If you are a small business owner, say of a Mom and Pop shop, it’s quite common to take a casual approach to keeping accurate financial records. After all, your revenue may seem small and too insignificant to have your accounts constantly updated and monitored, enforce checks and balance procedures and keep your documents systematically. But keeping these financial records properly and up-to-date may be more important than you think.
In tough economic times such as these, it is not uncommon to see small business owners file bankruptcy petitions in efforts to clear their debts and start afresh financially. Many business owners might have received advance payments for jobs they have contracted with their clients. But due to the credit squeeze and increased cost of doing business, they might have spent the advance payments without finishing the job they promised to do.

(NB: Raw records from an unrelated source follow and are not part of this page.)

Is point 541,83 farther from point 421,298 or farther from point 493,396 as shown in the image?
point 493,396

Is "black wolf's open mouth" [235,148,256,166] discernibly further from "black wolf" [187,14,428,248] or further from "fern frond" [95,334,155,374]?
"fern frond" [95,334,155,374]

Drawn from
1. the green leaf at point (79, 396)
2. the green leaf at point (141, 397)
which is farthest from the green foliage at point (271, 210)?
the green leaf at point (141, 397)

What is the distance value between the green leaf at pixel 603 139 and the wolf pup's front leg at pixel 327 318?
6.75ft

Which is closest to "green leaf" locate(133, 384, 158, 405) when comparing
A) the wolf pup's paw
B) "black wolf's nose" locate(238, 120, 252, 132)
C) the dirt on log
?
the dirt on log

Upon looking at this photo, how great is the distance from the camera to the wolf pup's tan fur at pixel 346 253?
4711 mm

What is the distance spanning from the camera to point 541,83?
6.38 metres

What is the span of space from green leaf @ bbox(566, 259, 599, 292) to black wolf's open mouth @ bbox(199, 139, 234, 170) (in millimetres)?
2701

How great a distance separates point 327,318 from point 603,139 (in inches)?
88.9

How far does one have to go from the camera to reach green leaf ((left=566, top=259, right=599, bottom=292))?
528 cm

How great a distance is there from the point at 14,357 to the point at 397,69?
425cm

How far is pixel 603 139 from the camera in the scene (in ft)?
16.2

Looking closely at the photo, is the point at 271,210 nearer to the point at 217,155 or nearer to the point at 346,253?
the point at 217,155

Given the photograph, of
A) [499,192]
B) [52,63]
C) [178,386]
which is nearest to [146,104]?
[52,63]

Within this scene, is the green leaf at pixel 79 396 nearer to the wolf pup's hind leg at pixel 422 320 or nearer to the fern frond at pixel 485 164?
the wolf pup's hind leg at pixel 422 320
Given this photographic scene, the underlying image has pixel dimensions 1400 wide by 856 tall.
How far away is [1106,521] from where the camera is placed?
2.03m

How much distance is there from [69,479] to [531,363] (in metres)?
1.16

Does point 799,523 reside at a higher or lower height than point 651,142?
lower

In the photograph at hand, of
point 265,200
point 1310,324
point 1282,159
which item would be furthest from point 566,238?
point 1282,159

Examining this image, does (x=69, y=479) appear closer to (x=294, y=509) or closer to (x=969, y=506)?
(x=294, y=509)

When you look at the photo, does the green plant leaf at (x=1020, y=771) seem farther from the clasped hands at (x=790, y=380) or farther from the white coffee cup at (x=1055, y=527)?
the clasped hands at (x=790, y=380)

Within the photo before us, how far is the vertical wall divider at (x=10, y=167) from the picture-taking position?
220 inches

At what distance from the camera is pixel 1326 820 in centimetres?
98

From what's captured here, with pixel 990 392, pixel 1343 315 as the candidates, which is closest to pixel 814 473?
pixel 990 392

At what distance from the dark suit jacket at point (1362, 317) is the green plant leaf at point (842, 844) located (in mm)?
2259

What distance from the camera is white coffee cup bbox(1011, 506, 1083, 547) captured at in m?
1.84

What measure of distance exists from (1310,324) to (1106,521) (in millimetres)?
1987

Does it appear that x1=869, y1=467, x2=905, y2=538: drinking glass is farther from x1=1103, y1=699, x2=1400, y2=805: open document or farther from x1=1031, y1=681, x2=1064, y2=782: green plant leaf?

If such a pattern continues, it will inevitably lead to increasing debt and disgruntled clients. I know of a small business owner who did not keep good financial records including records of a 6-figure advance payment from a client whose job he failed to complete. When it became clear his client was about to sue him, this business owner filed a bankruptcy petition.
But unfortunately, his petition was dismissed by the judge because of lack of up-to-date financial records.
So do not take chances. Even though you may be a small business owner, you should still keep accurate records of your income and expenditure and all other business transactions. Do not let bad financial record keeping become a hindrance to a successful bankruptcy petition.